What needs to be done:
Extract the run of lines that starts at the top of the records below and ends at the line with "Sheer Plaid Mesh", keeping both ends and excluding pictures.
··· Input for this task
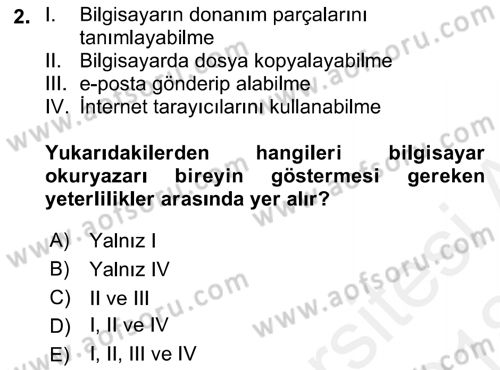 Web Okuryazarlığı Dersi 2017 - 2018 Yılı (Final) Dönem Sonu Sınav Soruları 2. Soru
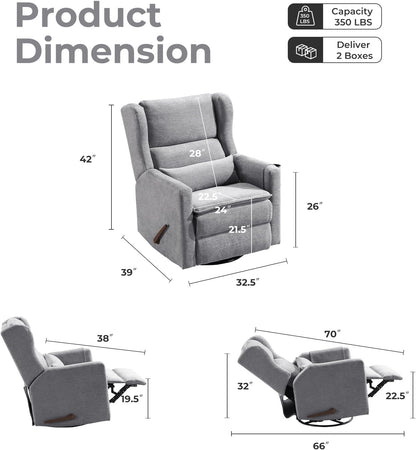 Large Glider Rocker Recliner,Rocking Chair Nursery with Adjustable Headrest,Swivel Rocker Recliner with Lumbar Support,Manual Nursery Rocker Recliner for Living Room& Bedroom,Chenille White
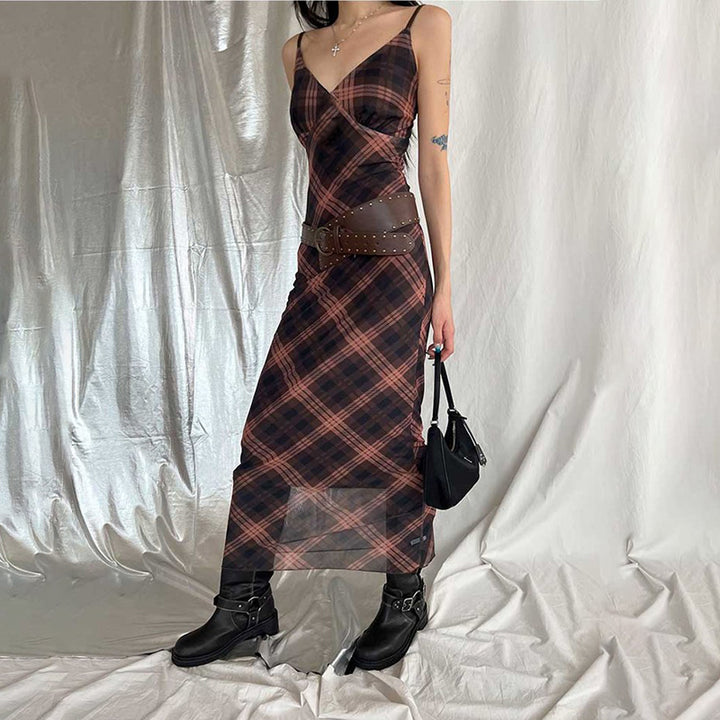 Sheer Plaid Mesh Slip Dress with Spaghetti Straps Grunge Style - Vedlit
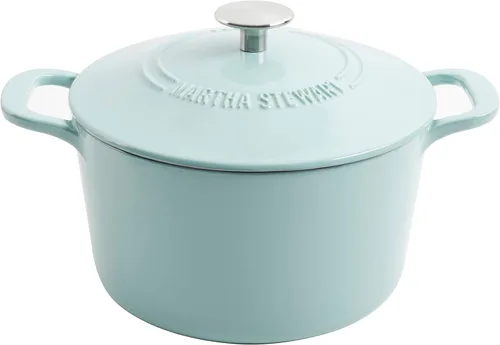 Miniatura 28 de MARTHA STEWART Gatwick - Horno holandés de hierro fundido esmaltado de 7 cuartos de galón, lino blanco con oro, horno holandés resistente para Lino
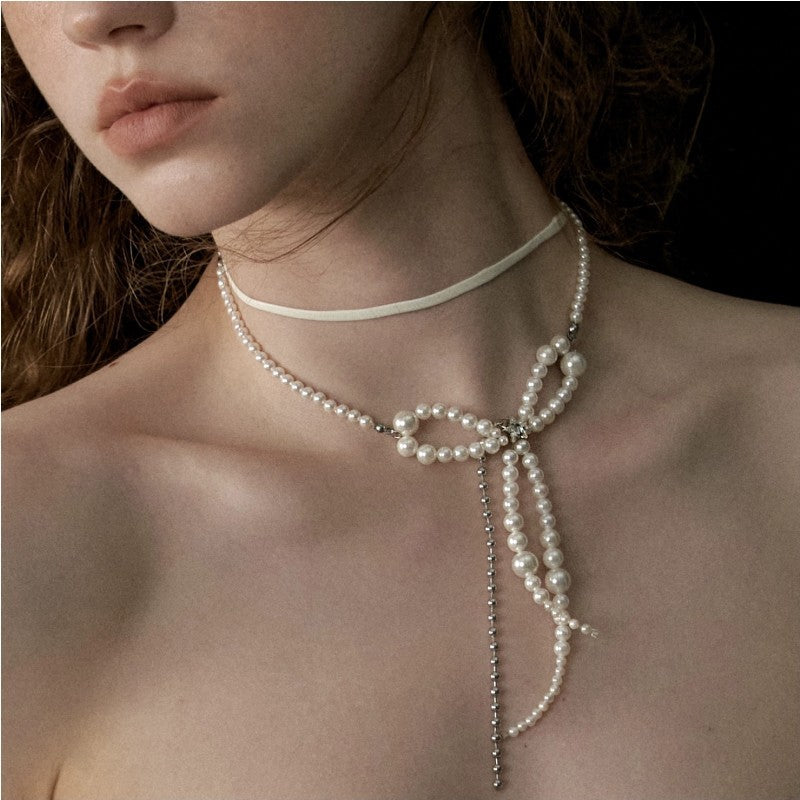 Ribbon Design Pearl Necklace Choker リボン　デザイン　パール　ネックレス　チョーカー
······
Solved problem:
 Web Okuryazarlığı Dersi 2017 - 2018 Yılı (Final) Dönem Sonu Sınav Soruları 2. Soru
 Large Glider Rocker Recliner,Rocking Chair Nursery with Adjustable Headrest,Swivel Rocker Recliner with Lumbar Support,Manual Nursery Rocker Recliner for Living Room& Bedroom,Chenille White
 Sheer Plaid Mesh Slip Dress with Spaghetti Straps Grunge Style - Vedlit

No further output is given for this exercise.